(Dataset entries)
━━━━━━━━

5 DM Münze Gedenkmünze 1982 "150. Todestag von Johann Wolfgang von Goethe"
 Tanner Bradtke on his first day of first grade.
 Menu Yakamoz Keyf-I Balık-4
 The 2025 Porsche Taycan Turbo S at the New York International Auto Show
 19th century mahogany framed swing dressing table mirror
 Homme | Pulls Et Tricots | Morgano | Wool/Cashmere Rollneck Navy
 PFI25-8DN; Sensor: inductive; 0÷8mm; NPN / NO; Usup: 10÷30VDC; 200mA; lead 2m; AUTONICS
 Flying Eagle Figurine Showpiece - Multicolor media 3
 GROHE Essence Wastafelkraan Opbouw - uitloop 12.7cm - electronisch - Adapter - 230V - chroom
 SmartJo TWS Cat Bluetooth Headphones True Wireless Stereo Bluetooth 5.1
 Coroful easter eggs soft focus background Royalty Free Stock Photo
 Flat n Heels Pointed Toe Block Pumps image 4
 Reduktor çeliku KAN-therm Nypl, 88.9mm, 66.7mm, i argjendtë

━━━━━━━━

Take the lines above from the one holding "Coroful easter eggs" to the last and output them exactly.

### Task answer
 Coroful easter eggs soft focus background Royalty Free Stock Photo
 Flat n Heels Pointed Toe Block Pumps image 4
 Reduktor çeliku KAN-therm Nypl, 88.9mm, 66.7mm, i argjendtë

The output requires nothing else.